_YOUR OBJECTIVE_:
The span to copy runs from the line containing "Cartela DTF UV" to the last line below. Copy it exactly, with nothing else.

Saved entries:
+---+

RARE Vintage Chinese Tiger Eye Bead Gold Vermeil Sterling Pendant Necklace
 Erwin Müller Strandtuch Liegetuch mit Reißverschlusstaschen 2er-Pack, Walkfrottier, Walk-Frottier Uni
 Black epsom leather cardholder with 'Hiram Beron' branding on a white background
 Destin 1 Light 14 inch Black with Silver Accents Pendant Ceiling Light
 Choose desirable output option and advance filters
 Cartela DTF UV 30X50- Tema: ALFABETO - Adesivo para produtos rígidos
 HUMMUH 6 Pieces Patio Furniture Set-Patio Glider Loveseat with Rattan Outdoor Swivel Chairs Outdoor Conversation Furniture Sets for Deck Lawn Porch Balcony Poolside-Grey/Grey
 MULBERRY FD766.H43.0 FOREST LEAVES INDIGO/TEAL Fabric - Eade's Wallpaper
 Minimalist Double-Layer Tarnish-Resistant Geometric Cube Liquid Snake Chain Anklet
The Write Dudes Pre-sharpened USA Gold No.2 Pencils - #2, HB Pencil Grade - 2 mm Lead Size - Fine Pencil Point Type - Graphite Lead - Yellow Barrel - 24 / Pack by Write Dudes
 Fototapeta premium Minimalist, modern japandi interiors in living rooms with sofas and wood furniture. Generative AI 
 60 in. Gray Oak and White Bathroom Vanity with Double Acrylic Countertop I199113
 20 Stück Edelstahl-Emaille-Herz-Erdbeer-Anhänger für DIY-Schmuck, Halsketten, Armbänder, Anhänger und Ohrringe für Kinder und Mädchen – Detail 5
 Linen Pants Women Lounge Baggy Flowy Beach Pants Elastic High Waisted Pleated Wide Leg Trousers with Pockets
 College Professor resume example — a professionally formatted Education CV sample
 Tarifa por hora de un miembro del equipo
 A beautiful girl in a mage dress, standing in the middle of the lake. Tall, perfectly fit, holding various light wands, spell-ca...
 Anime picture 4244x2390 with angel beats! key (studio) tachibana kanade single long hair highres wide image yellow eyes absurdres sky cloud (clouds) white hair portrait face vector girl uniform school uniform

+---+

_OUTPUT OF THE TASK_:
 Cartela DTF UV 30X50- Tema: ALFABETO - Adesivo para produtos rígidos
 HUMMUH 6 Pieces Patio Furniture Set-Patio Glider Loveseat with Rattan Outdoor Swivel Chairs Outdoor Conversation Furniture Sets for Deck Lawn Porch Balcony Poolside-Grey/Grey
 MULBERRY FD766.H43.0 FOREST LEAVES INDIGO/TEAL Fabric - Eade's Wallpaper
 Minimalist Double-Layer Tarnish-Resistant Geometric Cube Liquid Snake Chain Anklet
The Write Dudes Pre-sharpened USA Gold No.2 Pencils - #2, HB Pencil Grade - 2 mm Lead Size - Fine Pencil Point Type - Graphite Lead - Yellow Barrel - 24 / Pack by Write Dudes
 Fototapeta premium Minimalist, modern japandi interiors in living rooms with sofas and wood furniture. Generative AI 
 60 in. Gray Oak and White Bathroom Vanity with Double Acrylic Countertop I199113
 20 Stück Edelstahl-Emaille-Herz-Erdbeer-Anhänger für DIY-Schmuck, Halsketten, Armbänder, Anhänger und Ohrringe für Kinder und Mädchen – Detail 5
 Linen Pants Women Lounge Baggy Flowy Beach Pants Elastic High Waisted Pleated Wide Leg Trousers with Pockets
 College Professor resume example — a professionally formatted Education CV sample
 Tarifa por hora de un miembro del equipo
 A beautiful girl in a mage dress, standing in the middle of the lake. Tall, perfectly fit, holding various light wands, spell-ca...
 Anime picture 4244x2390 with angel beats! key (studio) tachibana kanade single long hair highres wide image yellow eyes absurdres sky cloud (clouds) white hair portrait face vector girl uniform school uniform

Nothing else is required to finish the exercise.